The desert journey began and we were off. There was no road but now and again there were signboards, pointing to Baghdad. The drivers, who were in a separate cab, travelled by means of a compass and by dead reckoning navigation, but they were aware of the route we were taking although there were no landmarks. The journey was very bumpy and although there was another bus with us we rarely saw it because of the dust and sand we were blowing up. One thing that I well remember was seeing, on a hilltop, a fort of the type used by French Foreign Legion, and then we stopped for a lone soldier of the Legion who we guessed was collecting the mail.
It was all very interesting, and I thoroughly enjoyed the journey as it was a once in a lifetime experience with the opportunity to see wild camels running around in herds and places in the desert we had read of but never expected to see. We stopped at an oasis for a short time to stretch our legs, and later at "Rutbah Wells”, where there was an open-air market and I bought a "Burnous" for the sake of buying something in the desert, but we were still short of cash. We had no Syrian money, but it was a bit of fun. It was ten o'clock in the evening and the market was in full swing, and among all the desert Bedouins it was a strange experience.
We carried on with most of us managing to get some sleep until about 7 a.m. when we pulled up at a "Hotel" for breakfast. The hotel stood out of the ground about two feet high and was entered by going down a flight of steps in the sand. We wondered where we were going, but it was laid out with tables and breakfast was served. While we were having our meal a number of British nurses arrived. They were all dressed in their white uniforms, which were no longer a white colour as they were travelling in an ordinary single decker bus. We felt a bit sorry for them but even under those very hot conditions they were smiling and happy. In contrast some of our travelling companions were grumbling, even though we were travelling in first class air-conditioned comfort.
We arrived in Baghdad about 9 o'clock that morning and were taken to our hotel where our room overlooked the river Tigris.
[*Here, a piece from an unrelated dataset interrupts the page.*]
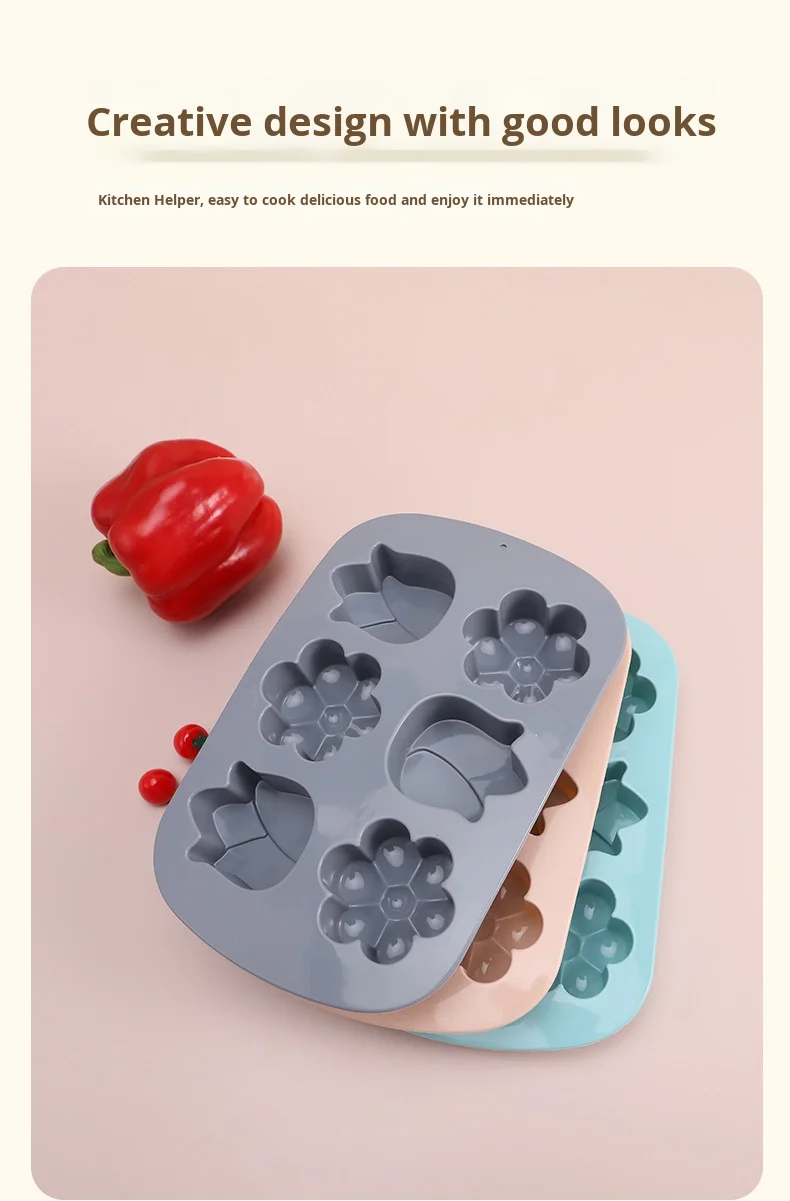 6-Hole 3D Petal Silicone Cake Mold Square Shape Square Children's Complementary Food Steaming/Baking Mold Factory in Stock supplier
We were looking forward to our visit and set of to tour the City, but our luck was short lived as when we returned to the hotel we were told that the engineers were to catch the evening train to Basra. There were four of us and we were a bit disappointed, but that was why we were travelling, we were on business and there was a war on, and it was not a holiday tour.
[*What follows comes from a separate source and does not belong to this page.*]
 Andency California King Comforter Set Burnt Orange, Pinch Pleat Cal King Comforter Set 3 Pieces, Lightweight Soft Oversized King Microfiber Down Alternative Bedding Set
Arriving in Basra about 10 o'clock next morning, a motor launch was waiting and we travelled to Abadan along the river. It was not a comfortable trip, very hot and sticky, especially when the Customs Officers made us wait for about half an hour in the launch whilst they checked and stamped our passports.
Arriving at the Company Office I was immediately assigned as Second Engineer to the “Empire Sapphire", the very same vessel that I had left as a passenger almost a year before. I had done a lot of travelling in that time, had had my home leave and passed my examinations for Chief Engineer, so I was ready for another spell at sea.